The Assembly Line Multi-Sleeve dress

I absolutely love the final fit of this Assembly Line Multi-sleeve Midi dress but it took a couple of muslins and a good bit of tracing to get there.
The fabric is a lovely wool twill with a little stretch that was kindly gifted to me by the New Craft House. I think this works really well with this pattern.

I used lining instead of facing for the bodice

There are facing pieces for the neckline included with the pattern but I didn’t want to topstitch those down on this wool and I hate facings flapping about. So I lined the bodice with this beautiful red Liberty silk that I got on sale a few years ago (you may remember the Zadie jumpsuit that I made from it last year).
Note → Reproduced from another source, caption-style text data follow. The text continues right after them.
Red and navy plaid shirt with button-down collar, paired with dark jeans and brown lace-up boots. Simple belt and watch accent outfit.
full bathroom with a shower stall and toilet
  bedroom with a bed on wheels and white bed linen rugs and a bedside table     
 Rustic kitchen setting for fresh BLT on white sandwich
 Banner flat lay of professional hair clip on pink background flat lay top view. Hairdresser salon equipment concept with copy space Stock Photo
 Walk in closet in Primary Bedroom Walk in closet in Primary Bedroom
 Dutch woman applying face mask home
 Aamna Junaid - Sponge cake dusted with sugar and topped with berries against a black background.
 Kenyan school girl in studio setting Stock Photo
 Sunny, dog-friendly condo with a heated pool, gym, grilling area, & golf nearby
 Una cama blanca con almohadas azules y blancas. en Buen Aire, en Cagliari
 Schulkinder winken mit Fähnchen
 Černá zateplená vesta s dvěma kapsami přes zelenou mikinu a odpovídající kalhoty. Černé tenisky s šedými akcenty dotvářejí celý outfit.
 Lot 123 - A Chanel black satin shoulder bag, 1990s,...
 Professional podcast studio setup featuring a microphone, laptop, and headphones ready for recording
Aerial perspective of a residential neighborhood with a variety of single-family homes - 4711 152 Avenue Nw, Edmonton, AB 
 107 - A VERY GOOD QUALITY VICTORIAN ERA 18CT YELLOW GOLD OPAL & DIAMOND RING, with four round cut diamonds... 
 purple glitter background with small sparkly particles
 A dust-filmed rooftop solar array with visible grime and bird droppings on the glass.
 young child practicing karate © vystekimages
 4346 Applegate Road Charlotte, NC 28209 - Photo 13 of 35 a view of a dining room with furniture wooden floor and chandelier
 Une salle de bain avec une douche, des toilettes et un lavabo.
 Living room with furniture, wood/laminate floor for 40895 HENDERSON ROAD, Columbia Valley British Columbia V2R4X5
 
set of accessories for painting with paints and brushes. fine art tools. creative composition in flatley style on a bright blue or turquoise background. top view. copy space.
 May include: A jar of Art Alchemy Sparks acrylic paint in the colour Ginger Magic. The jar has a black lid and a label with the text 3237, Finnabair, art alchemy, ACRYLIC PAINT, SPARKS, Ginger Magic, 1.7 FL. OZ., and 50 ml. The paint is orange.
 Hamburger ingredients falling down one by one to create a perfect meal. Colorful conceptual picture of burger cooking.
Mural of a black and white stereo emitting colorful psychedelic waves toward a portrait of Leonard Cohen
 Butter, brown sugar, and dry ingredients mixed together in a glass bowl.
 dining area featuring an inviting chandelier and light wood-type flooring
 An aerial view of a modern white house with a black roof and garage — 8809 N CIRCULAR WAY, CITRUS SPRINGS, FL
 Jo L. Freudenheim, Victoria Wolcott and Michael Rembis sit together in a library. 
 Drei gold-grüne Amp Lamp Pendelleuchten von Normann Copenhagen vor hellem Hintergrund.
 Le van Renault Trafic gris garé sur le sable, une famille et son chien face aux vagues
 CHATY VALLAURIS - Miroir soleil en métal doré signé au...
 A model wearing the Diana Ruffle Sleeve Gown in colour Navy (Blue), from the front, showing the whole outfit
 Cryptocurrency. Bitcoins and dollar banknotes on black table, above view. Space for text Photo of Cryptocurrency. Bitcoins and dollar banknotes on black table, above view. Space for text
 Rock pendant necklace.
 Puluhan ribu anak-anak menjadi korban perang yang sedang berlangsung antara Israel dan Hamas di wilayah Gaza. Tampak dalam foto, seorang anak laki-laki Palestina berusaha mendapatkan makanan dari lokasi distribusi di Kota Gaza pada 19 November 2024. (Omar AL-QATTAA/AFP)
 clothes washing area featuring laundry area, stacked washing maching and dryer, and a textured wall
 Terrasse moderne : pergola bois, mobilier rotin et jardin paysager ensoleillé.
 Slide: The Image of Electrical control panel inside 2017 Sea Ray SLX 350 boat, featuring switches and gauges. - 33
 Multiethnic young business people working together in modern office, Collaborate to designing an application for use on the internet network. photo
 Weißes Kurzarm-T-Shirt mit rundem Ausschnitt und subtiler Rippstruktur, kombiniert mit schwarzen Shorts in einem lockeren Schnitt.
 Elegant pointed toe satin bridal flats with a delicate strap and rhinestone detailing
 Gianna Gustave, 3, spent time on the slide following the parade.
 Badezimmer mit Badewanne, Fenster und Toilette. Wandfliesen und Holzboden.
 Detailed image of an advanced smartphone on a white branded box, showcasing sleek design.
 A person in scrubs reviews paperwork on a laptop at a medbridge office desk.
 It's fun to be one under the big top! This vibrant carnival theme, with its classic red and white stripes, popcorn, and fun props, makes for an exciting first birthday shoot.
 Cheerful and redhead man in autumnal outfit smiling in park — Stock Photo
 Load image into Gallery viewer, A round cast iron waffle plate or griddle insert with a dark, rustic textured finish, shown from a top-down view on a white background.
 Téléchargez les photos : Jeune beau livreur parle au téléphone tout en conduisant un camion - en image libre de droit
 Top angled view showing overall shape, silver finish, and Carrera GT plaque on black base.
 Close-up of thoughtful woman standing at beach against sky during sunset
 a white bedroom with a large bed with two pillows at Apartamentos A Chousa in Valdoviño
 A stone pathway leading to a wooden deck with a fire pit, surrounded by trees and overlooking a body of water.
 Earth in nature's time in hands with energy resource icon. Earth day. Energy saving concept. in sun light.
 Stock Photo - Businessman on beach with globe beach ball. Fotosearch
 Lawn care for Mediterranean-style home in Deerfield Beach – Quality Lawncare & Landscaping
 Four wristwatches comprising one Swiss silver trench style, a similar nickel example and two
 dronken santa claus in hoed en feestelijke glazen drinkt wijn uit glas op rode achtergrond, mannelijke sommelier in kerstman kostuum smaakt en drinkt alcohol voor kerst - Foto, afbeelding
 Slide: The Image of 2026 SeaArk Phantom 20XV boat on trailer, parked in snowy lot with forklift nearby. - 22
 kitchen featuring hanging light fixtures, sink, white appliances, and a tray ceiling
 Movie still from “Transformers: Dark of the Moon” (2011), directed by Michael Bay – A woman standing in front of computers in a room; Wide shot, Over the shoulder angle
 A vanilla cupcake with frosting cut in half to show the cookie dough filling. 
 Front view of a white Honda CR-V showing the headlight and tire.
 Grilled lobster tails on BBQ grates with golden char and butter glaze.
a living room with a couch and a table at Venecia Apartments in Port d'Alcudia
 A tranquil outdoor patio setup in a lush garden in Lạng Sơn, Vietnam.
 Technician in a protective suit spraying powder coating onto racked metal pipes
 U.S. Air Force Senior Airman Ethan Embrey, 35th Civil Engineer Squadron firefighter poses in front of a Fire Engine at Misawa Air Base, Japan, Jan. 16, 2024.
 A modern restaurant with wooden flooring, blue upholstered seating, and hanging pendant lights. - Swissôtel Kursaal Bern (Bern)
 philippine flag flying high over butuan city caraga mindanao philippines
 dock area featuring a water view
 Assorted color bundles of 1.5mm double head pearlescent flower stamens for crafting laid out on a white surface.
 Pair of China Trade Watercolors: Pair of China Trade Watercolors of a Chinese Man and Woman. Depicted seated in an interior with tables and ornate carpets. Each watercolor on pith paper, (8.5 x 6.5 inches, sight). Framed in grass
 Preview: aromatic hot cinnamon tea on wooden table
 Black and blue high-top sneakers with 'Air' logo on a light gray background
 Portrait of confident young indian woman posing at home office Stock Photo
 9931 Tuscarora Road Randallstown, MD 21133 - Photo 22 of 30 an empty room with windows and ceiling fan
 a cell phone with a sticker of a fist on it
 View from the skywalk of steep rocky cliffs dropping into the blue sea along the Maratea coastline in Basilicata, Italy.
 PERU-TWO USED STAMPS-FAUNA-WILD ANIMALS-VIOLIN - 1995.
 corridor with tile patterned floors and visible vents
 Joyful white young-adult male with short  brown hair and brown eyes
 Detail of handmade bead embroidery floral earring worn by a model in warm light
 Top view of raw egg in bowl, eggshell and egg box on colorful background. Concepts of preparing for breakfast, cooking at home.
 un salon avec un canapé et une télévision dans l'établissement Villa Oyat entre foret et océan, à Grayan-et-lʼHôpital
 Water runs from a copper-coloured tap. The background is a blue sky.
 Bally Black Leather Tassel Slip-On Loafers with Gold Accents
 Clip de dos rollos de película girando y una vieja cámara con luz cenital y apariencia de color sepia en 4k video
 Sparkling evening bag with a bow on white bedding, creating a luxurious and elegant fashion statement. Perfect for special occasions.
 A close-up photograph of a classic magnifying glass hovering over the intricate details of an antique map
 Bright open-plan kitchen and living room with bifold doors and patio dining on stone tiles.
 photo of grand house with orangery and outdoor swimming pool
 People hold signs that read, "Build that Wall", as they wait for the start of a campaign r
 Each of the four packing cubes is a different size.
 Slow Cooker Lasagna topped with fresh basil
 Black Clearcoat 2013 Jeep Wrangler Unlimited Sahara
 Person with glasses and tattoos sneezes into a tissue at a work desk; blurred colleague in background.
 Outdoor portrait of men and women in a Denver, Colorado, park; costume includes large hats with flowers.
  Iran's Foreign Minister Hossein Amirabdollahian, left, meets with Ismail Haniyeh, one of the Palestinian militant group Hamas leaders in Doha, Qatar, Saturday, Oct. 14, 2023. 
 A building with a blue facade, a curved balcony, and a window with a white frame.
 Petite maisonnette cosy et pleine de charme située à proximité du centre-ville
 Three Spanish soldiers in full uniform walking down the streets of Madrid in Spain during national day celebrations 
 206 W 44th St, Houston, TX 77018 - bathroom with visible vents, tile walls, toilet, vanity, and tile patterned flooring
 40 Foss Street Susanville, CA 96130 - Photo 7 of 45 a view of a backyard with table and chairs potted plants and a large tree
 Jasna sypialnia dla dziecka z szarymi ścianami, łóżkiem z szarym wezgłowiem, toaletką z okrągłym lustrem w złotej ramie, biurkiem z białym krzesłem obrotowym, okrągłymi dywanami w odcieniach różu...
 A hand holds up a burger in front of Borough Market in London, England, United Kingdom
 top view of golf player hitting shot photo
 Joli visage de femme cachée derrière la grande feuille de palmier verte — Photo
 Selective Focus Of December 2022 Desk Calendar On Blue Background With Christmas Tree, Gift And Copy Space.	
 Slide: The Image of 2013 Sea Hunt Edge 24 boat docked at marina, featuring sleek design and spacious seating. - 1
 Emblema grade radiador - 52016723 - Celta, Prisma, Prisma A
Because the main fabric has a slight stretch, and the lining doesn’t, when sewing the side seams of the bodice lining I used a 1/4” seam allowance instead of 3/8”. This gave me a little wiggle room and seems to have worked fine.
I didn’t line the skirt because it is opaque and I find it a pain ironing a fully lined dress. Though I will wear a slip under it if it ends up sticking to my tights.
After I had done my adjustments, I could get the dress on over my head. So I cut the bodice pieces and the skirt on the fold omitting the zip.

Sleeve plackets
For the sleeve plackets, I used the binding method I learnt on the Muna and Broad Tarawi shirt. The TAL instructions have you kind of fold it over twice and that didn’t appeal to me.
Instead of topstitching the cuff at the wrist, I stitched it in the ditch as I didn’t want machine stitching too obvious; and I did a blind hem on the skirt. To gather the sleeves at the cuffs I used swim elastic. I left a tail on the elastic, marked the length of the cuff; left another tail and marked it for the second cuff. I added the elastic to the sleeve on my serger, stretching the elastic as I went. This made this job really easy, I wouldn’t fancy gathering all that wool with thread.
I should have used dark interfacing on the wrists instead of the white, because some white threads are showing through on the buttonholes. Lesson learned!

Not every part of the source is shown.